**DIRECTIONS:**
Where does the word "Used" appear in the entries below? Copy each line that holds it.

★ ★ ★

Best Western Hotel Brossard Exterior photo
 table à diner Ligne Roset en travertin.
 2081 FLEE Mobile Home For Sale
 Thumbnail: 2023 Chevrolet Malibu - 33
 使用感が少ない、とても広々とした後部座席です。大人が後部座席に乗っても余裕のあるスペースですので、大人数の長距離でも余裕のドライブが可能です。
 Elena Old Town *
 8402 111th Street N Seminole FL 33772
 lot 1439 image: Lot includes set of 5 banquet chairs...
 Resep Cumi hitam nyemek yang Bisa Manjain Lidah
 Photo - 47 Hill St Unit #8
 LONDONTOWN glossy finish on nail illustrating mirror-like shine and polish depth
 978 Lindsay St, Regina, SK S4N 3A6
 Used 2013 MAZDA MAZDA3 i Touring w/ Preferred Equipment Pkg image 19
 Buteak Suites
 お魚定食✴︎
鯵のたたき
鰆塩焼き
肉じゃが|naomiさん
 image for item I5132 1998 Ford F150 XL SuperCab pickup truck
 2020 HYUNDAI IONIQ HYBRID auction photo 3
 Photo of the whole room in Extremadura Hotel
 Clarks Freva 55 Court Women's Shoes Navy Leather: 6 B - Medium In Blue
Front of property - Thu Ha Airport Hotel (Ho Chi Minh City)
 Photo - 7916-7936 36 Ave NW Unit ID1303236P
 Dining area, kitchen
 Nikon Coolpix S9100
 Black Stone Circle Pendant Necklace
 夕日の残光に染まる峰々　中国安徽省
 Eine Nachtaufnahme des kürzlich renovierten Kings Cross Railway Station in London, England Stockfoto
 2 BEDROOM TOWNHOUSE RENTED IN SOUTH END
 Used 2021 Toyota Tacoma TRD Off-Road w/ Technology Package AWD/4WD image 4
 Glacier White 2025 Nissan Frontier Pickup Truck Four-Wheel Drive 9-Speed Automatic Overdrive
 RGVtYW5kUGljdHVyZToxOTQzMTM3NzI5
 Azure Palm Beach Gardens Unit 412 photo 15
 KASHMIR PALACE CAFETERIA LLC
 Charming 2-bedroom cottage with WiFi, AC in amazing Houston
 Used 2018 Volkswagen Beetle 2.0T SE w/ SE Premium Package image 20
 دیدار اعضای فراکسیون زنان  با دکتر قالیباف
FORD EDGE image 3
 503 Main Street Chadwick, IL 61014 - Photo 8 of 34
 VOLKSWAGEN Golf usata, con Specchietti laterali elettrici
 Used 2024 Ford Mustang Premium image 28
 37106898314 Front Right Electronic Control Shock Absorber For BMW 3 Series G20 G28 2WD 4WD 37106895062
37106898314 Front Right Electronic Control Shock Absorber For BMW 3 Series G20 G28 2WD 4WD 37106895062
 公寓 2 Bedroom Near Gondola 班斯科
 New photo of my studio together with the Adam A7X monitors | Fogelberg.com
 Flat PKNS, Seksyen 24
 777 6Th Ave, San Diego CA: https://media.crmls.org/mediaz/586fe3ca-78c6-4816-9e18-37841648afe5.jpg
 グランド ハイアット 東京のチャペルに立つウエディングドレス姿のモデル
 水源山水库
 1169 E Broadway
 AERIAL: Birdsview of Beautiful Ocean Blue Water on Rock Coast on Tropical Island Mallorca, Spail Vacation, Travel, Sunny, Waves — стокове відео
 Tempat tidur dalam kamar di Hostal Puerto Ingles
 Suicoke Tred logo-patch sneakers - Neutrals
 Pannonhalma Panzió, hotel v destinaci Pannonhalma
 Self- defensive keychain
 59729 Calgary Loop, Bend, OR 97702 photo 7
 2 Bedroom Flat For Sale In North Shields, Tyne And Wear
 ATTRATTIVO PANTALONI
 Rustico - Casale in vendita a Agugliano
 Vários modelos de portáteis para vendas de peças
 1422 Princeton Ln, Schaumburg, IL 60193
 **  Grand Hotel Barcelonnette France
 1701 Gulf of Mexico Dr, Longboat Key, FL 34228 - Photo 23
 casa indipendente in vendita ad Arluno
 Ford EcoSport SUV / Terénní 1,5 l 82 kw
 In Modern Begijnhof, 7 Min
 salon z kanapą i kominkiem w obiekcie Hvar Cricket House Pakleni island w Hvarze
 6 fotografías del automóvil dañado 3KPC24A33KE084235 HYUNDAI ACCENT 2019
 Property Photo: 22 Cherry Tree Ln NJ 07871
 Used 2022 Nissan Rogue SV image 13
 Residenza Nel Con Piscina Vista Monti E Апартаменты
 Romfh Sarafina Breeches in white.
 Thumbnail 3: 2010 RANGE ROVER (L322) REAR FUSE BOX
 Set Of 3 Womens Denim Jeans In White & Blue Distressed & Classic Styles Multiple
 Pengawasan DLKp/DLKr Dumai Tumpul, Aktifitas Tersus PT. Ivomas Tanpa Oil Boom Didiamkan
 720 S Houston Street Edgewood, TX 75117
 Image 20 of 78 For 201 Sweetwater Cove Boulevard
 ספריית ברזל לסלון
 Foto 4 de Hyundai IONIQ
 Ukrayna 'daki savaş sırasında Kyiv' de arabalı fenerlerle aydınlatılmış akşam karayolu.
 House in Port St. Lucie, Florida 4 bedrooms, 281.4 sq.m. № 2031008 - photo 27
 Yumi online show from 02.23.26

★ ★ ★

**SOLUTION FOR THIS EXERCISE:**
 Used 2013 MAZDA MAZDA3 i Touring w/ Preferred Equipment Pkg image 19
 Used 2021 Toyota Tacoma TRD Off-Road w/ Technology Package AWD/4WD image 4
 Used 2018 Volkswagen Beetle 2.0T SE w/ SE Premium Package image 20
 Used 2024 Ford Mustang Premium image 28
 Used 2022 Nissan Rogue SV image 13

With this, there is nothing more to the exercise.